BEGIN Dataset extract

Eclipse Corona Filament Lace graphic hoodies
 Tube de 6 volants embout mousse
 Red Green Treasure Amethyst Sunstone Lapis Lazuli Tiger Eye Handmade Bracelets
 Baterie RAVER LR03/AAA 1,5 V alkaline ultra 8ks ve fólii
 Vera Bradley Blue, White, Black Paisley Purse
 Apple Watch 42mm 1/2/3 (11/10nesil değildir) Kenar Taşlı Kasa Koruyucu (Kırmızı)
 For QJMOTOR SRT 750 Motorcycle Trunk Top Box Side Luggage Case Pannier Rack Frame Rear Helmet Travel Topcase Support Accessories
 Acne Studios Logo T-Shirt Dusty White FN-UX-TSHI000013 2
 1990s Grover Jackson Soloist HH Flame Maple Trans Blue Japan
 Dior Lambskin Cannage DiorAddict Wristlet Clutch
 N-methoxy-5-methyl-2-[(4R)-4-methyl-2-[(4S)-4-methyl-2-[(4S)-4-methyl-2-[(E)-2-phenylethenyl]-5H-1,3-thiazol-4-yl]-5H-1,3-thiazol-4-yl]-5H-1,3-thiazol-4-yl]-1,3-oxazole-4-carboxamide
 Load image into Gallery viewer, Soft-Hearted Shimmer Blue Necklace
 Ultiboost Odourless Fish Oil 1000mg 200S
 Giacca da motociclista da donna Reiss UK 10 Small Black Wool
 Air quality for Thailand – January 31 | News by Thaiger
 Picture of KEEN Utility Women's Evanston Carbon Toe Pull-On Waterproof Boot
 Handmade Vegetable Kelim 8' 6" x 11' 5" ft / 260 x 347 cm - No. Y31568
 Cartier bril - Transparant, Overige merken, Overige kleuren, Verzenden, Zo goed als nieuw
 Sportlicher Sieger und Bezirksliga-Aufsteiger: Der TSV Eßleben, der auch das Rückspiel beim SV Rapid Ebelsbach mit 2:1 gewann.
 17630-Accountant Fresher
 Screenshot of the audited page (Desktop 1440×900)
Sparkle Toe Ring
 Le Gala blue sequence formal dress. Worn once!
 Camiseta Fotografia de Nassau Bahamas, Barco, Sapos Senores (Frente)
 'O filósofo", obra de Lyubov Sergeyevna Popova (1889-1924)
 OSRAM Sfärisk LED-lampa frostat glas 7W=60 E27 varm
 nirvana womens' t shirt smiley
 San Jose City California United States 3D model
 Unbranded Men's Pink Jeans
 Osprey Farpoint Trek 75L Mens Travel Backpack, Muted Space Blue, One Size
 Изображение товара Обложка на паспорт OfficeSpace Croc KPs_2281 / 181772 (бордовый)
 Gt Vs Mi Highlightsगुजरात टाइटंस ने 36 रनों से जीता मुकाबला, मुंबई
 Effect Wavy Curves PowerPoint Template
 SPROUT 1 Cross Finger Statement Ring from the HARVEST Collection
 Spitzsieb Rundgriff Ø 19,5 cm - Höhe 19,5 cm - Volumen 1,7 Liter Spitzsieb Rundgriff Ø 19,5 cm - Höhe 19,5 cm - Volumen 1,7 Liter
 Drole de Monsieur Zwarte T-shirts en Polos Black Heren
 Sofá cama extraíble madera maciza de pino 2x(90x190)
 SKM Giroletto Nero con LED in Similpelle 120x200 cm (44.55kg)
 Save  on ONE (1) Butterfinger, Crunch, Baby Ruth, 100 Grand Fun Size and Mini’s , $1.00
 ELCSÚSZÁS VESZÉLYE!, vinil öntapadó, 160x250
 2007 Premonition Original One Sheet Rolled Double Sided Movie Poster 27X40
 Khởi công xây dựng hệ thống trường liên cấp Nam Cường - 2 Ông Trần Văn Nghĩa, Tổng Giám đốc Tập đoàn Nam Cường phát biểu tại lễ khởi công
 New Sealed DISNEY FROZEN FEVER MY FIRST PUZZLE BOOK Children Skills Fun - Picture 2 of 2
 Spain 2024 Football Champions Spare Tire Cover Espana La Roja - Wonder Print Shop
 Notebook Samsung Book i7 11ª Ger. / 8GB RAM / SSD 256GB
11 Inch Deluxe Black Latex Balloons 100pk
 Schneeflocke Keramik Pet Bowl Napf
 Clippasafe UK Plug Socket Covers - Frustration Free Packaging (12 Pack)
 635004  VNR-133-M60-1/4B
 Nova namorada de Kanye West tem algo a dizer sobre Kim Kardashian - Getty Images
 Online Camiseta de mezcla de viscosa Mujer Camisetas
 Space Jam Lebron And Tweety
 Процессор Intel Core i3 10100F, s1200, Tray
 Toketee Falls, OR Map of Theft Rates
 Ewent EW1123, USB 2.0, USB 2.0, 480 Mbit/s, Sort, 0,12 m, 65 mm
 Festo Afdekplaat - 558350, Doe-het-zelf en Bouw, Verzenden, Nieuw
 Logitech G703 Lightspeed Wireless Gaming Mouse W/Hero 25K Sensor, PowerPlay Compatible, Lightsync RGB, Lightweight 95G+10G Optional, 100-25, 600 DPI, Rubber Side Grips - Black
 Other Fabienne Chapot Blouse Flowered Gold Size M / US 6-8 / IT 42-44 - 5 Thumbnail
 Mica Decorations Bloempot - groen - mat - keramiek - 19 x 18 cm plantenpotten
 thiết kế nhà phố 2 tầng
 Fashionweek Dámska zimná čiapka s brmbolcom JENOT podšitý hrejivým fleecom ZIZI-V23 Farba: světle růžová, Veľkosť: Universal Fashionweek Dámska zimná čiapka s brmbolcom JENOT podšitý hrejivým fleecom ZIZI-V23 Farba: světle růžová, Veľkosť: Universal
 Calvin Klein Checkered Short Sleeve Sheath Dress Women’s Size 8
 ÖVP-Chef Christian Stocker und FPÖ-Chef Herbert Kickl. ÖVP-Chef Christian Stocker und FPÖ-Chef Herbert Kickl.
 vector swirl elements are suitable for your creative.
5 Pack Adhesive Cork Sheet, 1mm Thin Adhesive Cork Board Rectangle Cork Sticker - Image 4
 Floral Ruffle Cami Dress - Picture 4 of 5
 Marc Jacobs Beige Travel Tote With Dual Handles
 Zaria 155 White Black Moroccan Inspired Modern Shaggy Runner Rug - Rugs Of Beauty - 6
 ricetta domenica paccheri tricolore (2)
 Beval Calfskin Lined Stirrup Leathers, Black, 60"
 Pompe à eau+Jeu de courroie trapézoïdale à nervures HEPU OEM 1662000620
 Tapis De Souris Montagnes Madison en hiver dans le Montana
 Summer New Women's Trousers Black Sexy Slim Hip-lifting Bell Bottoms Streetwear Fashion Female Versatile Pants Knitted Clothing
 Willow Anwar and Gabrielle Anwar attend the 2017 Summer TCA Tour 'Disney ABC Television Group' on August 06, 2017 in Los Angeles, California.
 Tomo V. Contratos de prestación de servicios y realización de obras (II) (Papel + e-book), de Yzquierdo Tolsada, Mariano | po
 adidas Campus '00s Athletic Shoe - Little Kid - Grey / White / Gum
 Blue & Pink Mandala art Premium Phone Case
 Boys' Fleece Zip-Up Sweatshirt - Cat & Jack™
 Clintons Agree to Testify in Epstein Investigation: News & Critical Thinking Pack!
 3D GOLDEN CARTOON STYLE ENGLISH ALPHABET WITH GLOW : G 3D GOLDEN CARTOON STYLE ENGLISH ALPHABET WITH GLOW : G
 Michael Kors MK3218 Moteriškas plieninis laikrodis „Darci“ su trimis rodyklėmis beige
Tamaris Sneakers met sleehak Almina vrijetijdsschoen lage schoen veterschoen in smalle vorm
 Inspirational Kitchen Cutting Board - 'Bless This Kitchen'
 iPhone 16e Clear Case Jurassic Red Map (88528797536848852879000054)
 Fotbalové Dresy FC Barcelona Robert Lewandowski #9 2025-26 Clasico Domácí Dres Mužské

END Dataset extract

What is being asked:
Please print the records above exactly from their first line. End with the line containing "For QJMOTOR SRT", and include it.

Output of the task:
Eclipse Corona Filament Lace graphic hoodies
 Tube de 6 volants embout mousse
 Red Green Treasure Amethyst Sunstone Lapis Lazuli Tiger Eye Handmade Bracelets
 Baterie RAVER LR03/AAA 1,5 V alkaline ultra 8ks ve fólii
 Vera Bradley Blue, White, Black Paisley Purse
 Apple Watch 42mm 1/2/3 (11/10nesil değildir) Kenar Taşlı Kasa Koruyucu (Kırmızı)
 For QJMOTOR SRT 750 Motorcycle Trunk Top Box Side Luggage Case Pannier Rack Frame Rear Helmet Travel Topcase Support Accessories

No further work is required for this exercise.